Deixem-me, a propósito do Benfica-Porto, recuperar a
explicação do escritor britânico Martim Amis para o fascínio exercido pelo
futebol: “é o único desporto que, normalmente, se decide por um golo, por isso
a pressão do momento é mais intensa do que em qualquer outra modalidade”. Os
jogos discutem-se numa lenta monotonia, organizada e por vezes de pendor
burocrático – médios que pautam o ritmo do jogo, outros, com cultura táctica,
que conferem disciplina nos “processos defensivos” – mas não fora os momentos de
desorganização, em que o sentido que os treinadores deram à equipa se perde, os
estádios estariam vazios.
Lazar Markovic. Ninguém que sinta a paixão pelo futebol
precisou de ver mais do que dois minutos do sérvio com uma bola nos pés para
logo ter a certeza que estávamos perante a matéria de que se fazem os sonhos
dos adeptos. A bola como prolongamento de um corpo ziguezagueante e uma
aproximação romântica a cada jogada. Com o jovem sérvio não há nunca terceira
via – a opção é irremediavelmente entre uma perda de bola incompreensível,
seguida de um baixar de braços, como se estivesse a gerir uma derrota
individual, ou uma arrancada de génio, daquelas que ninguém sentado na bancada
foi capaz de antecipar.
Um instante pode ser mesmo a eternidade e dura no tempo quem
tudo apostou no momento.
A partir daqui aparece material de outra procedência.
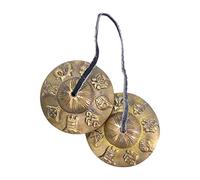 Mudra Crafts Tibetan Handmade Yoga Meditation Om Tingsha Bell Chimes Cymbal Set, Wood Mala with a Mandala Charm (2.5 Inches, Buddhist Signs)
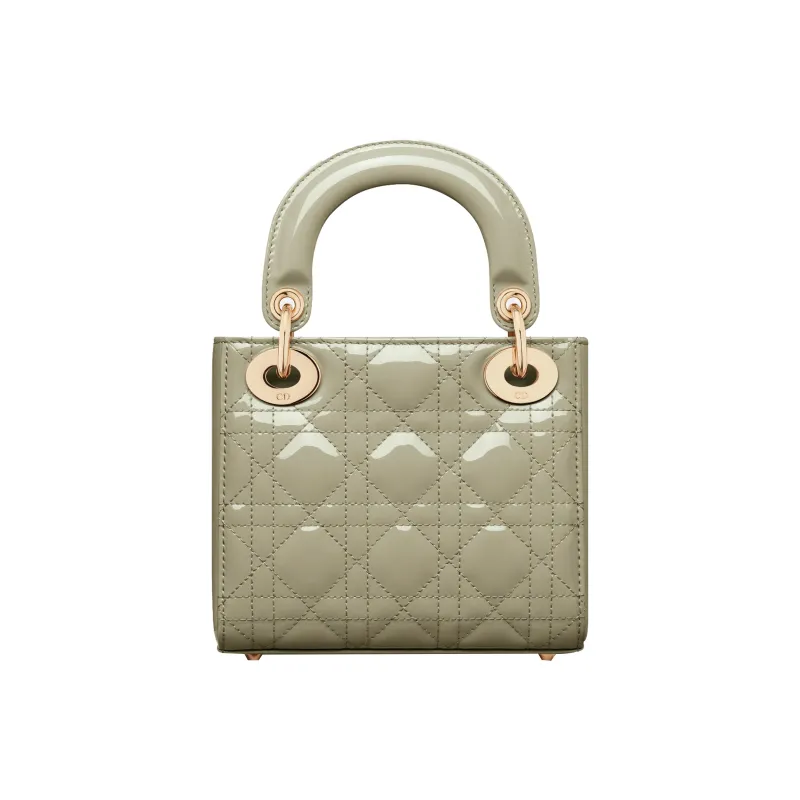DIOR Lady Dior Patent Leather Cowhide Daisie Bag Shoulder Bag Crossbody Bag Handbag Mini Women's Gray Green-2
Quando, aos 13 minutos de jogo, vi Markovic, com
elegância principesca, a cavalgar pelo centro do terreno, com os jogadores
adversários a desabarem à sua passagem, tive a certeza que o Benfica estava a
construir a sua vitória, mas mais certo fiquei de que, passados uns anos, não
guardarei memória do resto do jogo, mas aquele momento, feito de rasgo de
talento, perdurará para sempre nas minhas recordações.
Nota:
O Benfica dos últimos anos foi irrepreensível com Eusébio. Em vida e na última
semana, o Rei teve todas as homenagens devidas e muitas mais terá para honrar a
sua memória. Mas os gostos discutem-se e a estátua de Eusébio não merecia ter
sido presa dentro de uma marquise.
publicado no Record de hoje.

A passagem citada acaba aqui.